**Your task**
Only lines that contain the word "Stock" are to be returned from the data below.

┄┄┄┄┄┄┄┄┄┄

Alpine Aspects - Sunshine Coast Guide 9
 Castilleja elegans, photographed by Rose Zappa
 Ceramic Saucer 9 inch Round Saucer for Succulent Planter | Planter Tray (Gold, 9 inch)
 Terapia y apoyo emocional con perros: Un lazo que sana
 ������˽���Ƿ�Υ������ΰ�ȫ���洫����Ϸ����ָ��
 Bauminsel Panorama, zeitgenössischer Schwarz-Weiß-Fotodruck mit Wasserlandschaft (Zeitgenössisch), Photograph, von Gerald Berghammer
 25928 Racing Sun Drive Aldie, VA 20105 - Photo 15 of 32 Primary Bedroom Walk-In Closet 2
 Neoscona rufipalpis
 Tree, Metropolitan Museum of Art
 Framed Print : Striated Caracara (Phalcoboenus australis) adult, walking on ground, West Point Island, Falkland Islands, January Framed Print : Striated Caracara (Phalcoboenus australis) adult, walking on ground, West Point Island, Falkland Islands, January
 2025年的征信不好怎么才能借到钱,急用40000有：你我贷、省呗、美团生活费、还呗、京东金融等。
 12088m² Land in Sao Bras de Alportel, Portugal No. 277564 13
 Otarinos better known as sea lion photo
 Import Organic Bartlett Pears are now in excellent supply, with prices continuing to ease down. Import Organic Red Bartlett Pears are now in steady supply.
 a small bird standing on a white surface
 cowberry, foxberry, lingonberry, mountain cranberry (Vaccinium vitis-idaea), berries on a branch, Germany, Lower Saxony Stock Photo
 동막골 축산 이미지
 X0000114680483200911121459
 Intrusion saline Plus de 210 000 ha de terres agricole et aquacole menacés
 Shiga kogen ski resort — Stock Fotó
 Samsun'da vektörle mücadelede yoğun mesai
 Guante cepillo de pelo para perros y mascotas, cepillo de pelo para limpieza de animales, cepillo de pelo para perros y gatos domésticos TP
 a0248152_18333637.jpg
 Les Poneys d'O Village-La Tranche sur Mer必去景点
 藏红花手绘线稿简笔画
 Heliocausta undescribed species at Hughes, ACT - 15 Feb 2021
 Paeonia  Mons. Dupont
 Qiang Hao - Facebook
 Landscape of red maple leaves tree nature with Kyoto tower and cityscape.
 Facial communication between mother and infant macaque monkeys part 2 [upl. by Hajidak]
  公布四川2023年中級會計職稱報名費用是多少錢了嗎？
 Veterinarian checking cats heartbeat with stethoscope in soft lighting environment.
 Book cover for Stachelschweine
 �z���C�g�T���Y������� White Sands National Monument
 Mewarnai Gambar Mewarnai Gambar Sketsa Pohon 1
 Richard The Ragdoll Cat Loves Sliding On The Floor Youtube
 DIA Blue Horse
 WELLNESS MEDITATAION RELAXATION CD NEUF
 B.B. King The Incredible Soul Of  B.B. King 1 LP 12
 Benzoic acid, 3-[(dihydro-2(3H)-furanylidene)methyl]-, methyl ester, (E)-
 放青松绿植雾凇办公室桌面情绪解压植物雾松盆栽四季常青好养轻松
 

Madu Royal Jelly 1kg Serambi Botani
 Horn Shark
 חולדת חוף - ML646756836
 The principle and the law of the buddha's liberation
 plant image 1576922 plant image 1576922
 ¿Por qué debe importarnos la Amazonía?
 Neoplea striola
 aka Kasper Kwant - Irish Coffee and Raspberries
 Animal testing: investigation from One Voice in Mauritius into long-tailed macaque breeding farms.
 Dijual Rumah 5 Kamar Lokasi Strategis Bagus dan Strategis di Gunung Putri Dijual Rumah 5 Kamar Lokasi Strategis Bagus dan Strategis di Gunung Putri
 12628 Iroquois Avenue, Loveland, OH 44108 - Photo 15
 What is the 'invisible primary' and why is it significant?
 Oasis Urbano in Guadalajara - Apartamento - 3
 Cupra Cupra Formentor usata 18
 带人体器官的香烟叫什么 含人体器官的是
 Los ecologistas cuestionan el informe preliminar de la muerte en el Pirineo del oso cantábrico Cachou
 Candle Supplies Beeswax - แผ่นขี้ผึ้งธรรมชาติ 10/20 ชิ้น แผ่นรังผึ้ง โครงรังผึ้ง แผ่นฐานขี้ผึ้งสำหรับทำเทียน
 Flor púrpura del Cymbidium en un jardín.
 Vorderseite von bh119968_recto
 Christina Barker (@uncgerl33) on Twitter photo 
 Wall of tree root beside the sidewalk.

┄┄┄┄┄┄┄┄┄┄

**Problem solution**
 cowberry, foxberry, lingonberry, mountain cranberry (Vaccinium vitis-idaea), berries on a branch, Germany, Lower Saxony Stock Photo
 Shiga kogen ski resort — Stock Fotó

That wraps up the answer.